Recorded data:
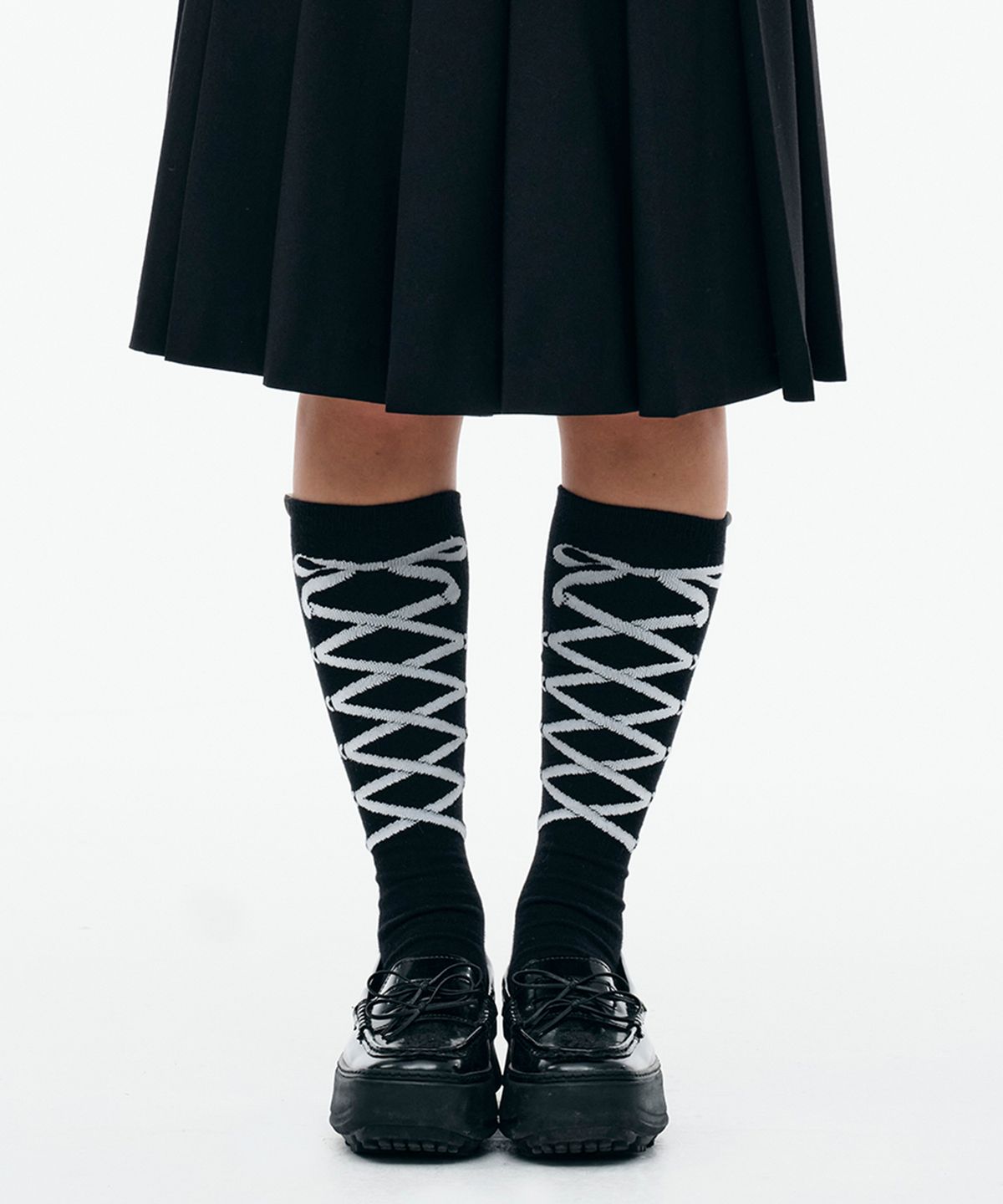 뚜오미오(TUOMIO) RIBBON GRAPHIC KNEE SOCKS [BLACK]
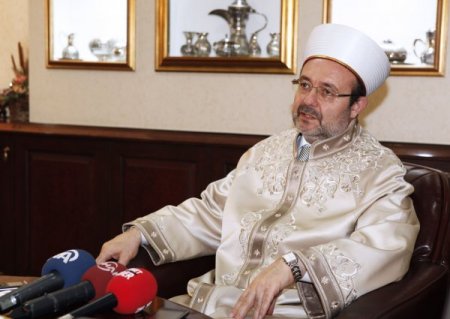 Görmez’den, Suriye’ye yardım kampanyasına destek çağrısı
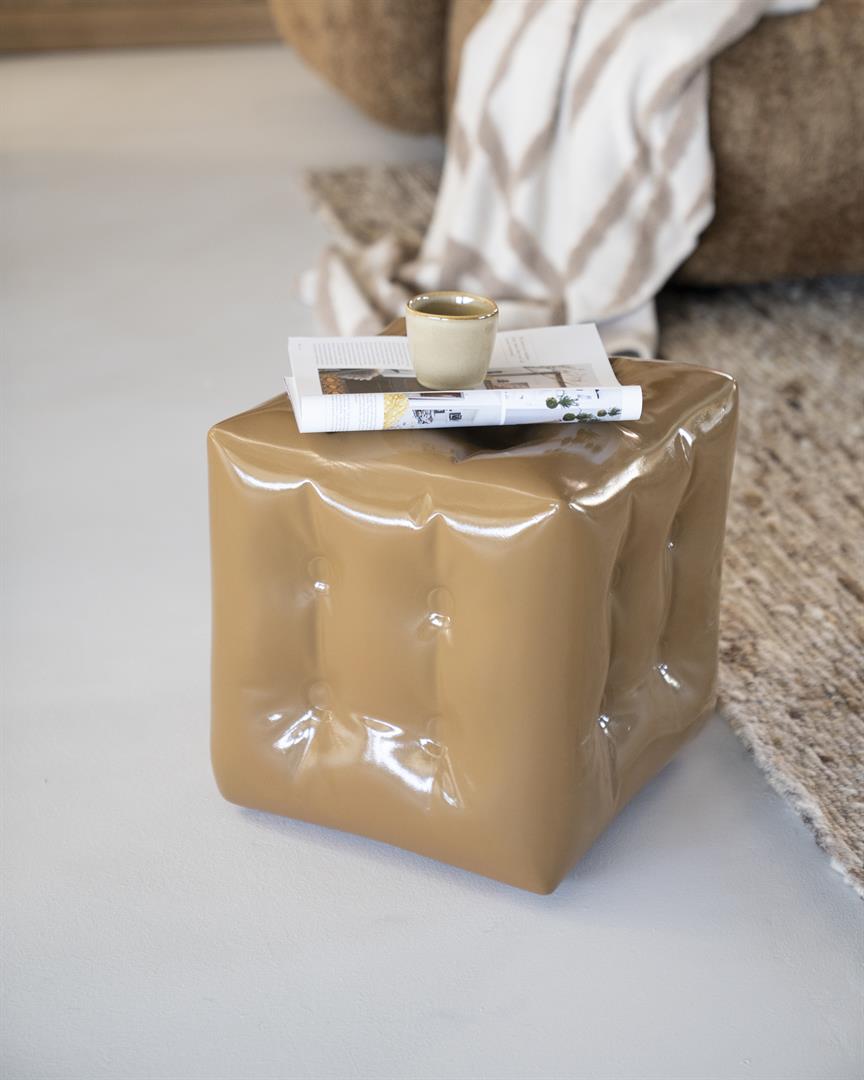 CAPTI mustard stool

Aim of the exercise: Restate word for word the lines from the one with "Görmez’den, Suriye’ye yardım" to the end of the material, both included. Do not include the pictures.

Written solution:
 Görmez’den, Suriye’ye yardım kampanyasına destek çağrısı
 CAPTI mustard stool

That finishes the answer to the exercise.